Section 4.13 Litigation. There is, and since January 1, 2022 has been, no (a) Proceeding pending, or, to the Knowledge of the Company, threatened, against the Company or any of its Subsidiaries or any officer, director or employee of the Company or any of its Subsidiaries in such capacity before any Governmental Authority or (b) Order outstanding against the Company or any of its Subsidiaries, in each case, except as has not been, and would not reasonably be expected to be, material to the Company and its Subsidiaries, taken as a whole. As of the date hereof, there is no Proceeding pending, or, to the Knowledge of the Company, threatened, against the Company and there is no Order outstanding that in any manner seeks to prevent, enjoin or materially delay the Company’s ability to consummate the Merger or any of the other transactions contemplated hereby.
Section 4.14 Properties.
(a) Except as has not had, and would not reasonably be expected to have, individually or in the aggregate, a Company Material Adverse Effect, the Company and its Subsidiaries have good title to, or valid leasehold interests in, all property and assets reflected on the Company Balance Sheet or acquired after the Balance Sheet Date, except as have been disposed of since the Balance Sheet Date in the ordinary course of business.
(b) Section 4.14(b) of the Company Disclosure Schedule sets forth a true, correct and complete (in all material respects) list of all real property and interests in real property owned in fee simple by the Company or any of its Subsidiaries.
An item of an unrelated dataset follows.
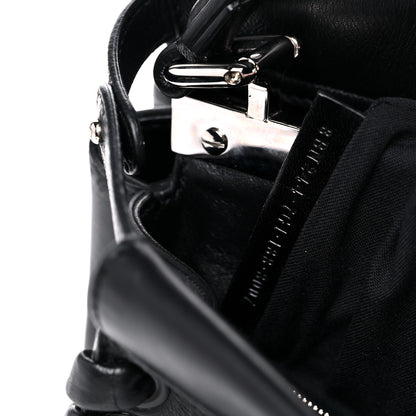 Fendi Nappa Lace Up Mini Peekaboo Iconic Satchel Black 9 of 12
Except as had not had, and would not reasonably be expected to have, a Company Material Adverse Effect, the Company and its Subsidiaries have good, valid and marketable title, in fee or valid leasehold, easement or other rights, in each case, free and clear of all Liens other than Permitted Liens, to the land, buildings, structures and other improvements thereon and fixtures thereto necessary to permit the Company and its Subsidiaries to conduct their business as currently conducted.
(c) Section 4.14(c) of the Company Disclosure Schedule sets forth a true, correct and complete (in all material respects) list as of the date of this Agreement of all leases, licenses, subleases and occupancy agreements of real property to which the Company or any of its Subsidiaries is a party (each, a “Lease”). Except as has not had, and would not reasonably be expected to have, individually or in the aggregate, a Company Material Adverse Effect, (i) each Lease under which the Company or any of its Subsidiaries leases, subleases or licenses any real property is valid and in full force and effect and no event has occurred that, with notice, lapse of time or both, would constitute a material default by the Company or any of its Subsidiaries or, to the Company’s Knowledge, any other party under any Lease and (ii) neither the Company nor any of its Subsidiaries, nor to the Company’s Knowledge any other party to a Lease, is in violation of any provision of any Lease or is in default under any Lease.
Section 4.15 Intellectual Property.
(a) Except as has not had, and would not reasonably be expected to have, individually or in the aggregate, a Company Material Adverse Effect: (i) the conduct of the business of the Company and its Subsidiaries as currently conducted does not currently infringe on, misappropriate or otherwise violate, and since January 1, 2018, the conduct of the Business and its Subsidiaries has not infringed on, misappropriated or otherwise violated, the Intellectual Property rights of any Person, and(ii) there is no claim or Proceeding pending or, to the Company’s Knowledge, threatened, against the Company or any of its Subsidiaries alleging any of the foregoing.
(b) Except as has not had, and would not reasonably be expected to have, individually or in the aggregate, a Company Material Adverse Effect: (i) to the Knowledge of the Company, no Person is infringing, misappropriating or otherwise violating, or since January 1, 2022 has infringed, misappropriated or otherwise violated the Company-Owned Intellectual Property, and neither the Company nor any of its Subsidiaries have sent written notice or initiated any Proceeding alleging the same; and (ii) no Company-Owned Intellectual Property is subject to any outstanding judgment, injunction, Order or decree restricting the use thereof by the Company or its Subsidiaries.